Can Trump’s Treasury Secretary Mnuchin Shake Fraud Lawsuit?

Kavanaugh and Mnuchin

RKA Film Financing is suing Relativity Media for misappropriating funds meant to finance advertising budgets for future releases, into the troubled company’s general accounts before filing for bankruptcy protection.

RKA Film Finance claims that Steven Mnuchin, now the United States Treasury Secretary, knew about several unrealistic film release plans and fraudulent budgets prepared by Relativity Media, but proceeded in securing an $80 million loan from RKA regardless.

Mnuchin served as Co-Chairman at Relativity Media from October 2014 to May 2015. He joined the company when Dune Capital Management, a private investment firm he founded, purchased debt and equity in Relativity Media.

While the Co-Chairman at Relativity Media, he was also the CEO of its lead lender, OneWest Bank. Mnuchin remained in his position at Relativity Media until weeks before the company filed for Chapter 11 bankruptcy.


Et Tu, Brute?

Before joining Trump’s administration, Mnuchin’s OneWest Bank funneled over $160 million into Relativity Media, at a time when it was an open secret in Hollywood that Relativity Media was operating as a massive Ponzi scheme.

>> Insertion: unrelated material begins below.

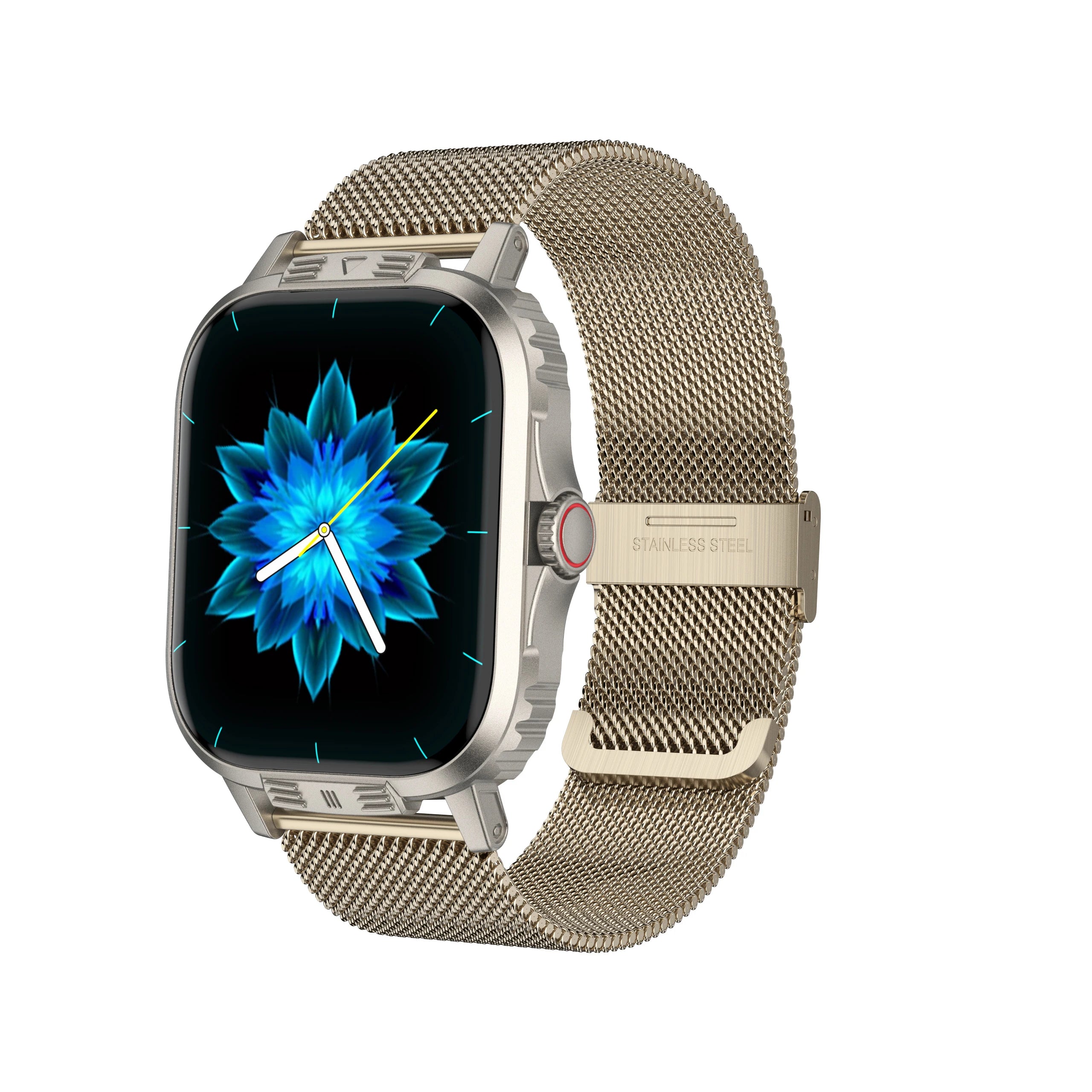 2026 IWO 9 Smart Watch C29Pro Series 9 Watch9 Fitness Tracker IWO9 Series9 Smartwatch WK9 Max Sports Watch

Once the loan closed in May 2015, Relativity Media founder Ryan Kavanaugh and Mnuchin jetted around in their co-owned Dassault Falcon 50 jet to Aspen, Cabo, and Hawaii.

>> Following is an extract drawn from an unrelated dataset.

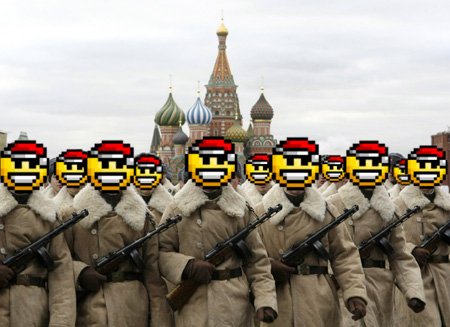 1395227742-soldat-noeliste.jpg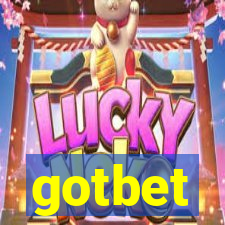 gotbet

However, court documents reveal that one day before the loan matured, Mnuchin resigned from Relativity Media’s board and seized $50 million from the company bank accounts at OneWest Bank.

This withdrawal spiraled Relativity Media into bankruptcy, unable to pay vendors or complete and release films.


Details of the Litigation

RKA loaned Relativity Media funds for the express purpose of prints and advertising for feature films including, SolaceMasterminds, and The Disappointments Room, which were ultimately used to met Relativity Media’s general expenses and several sizable payouts to executives.

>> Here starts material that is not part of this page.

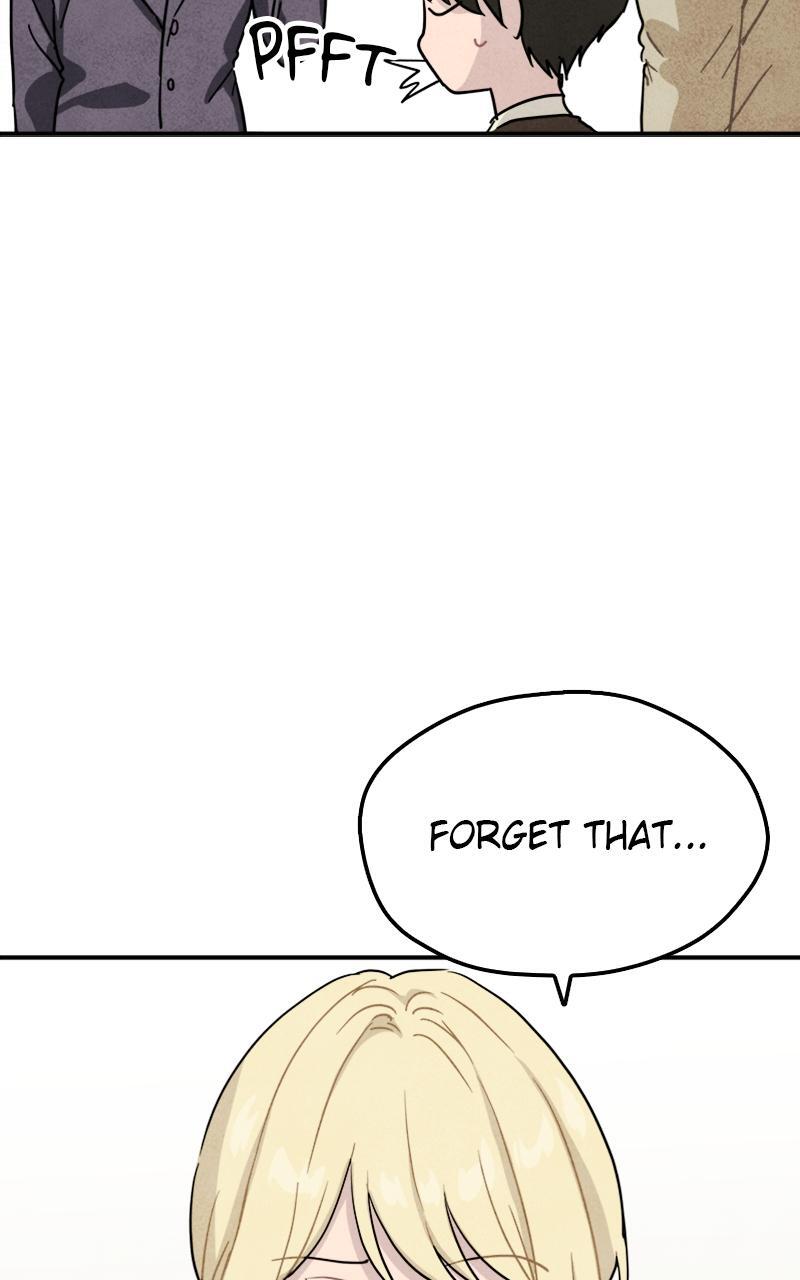 Read Potion Witch Manga Online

Latham & Watkins, the law firm representing RKA, claims that Mnuchin knew about the diversion of funds and was complicit in the fraud.

According to Christopher J. Clark, RKA’s attorney at Latham, Mnuchin not only knew about the fraud but also willfully aided its concealment.

“To cover his tracks when he knowingly misdirected RKA’s P&A loans for impermissible purposes, Mnuchin surreptitiously obtained a legal opinion that purportedly blessed using those funds as working capital.” Furthermore, “if RKA had known what Mnuchin knew… it would have never extended loans in December 2014 and March 2015 that Mnuchin then misappropriated totaling over $50 million.”


Mnuchin Claims Ignorance

Mnuchin is employing a traditional defense that he had no financial relationship with RKA. However, in perhaps the most egregious attempt to evade responsibility, Mnuchin claims ignorance of film finance. Although previously to his government post, he led a group of investors to buyout IndyMac (a sub-prime lender), which he transformed into OneWest Bank and leading film funder in Los Angeles. Likewise, as a former banker at Goldman Sachs, he arranged slate financing for major Hollywood studios, such as 20th Century Fox.

In court filings, he continues to portray himself as an outsider and not an officer at Relativity Media, which explains his lack of specific knowledge, involvement, and liability.


What’s Next?

Judge Ramos in New York’s Supreme Court will soon decide if Mnuchin remains a plaintiff in the case. In oral arguments, he was openly flippant about including the now Treasury Secretary saying, “…if this is a way to plead fraud, you could join the Pope as a defendant in this case.”

However, RKA’s attorney pressed on, “…and when they made those [false] representations, they lied to us. When we asked questions, they lied to us. I’m not trying to overreach,” Clark said.

RKA Film Financing LLC v. Ryan Kavanaugh, et al., case number 652592/2015, in the Supreme Court of the State of New York, County of New York.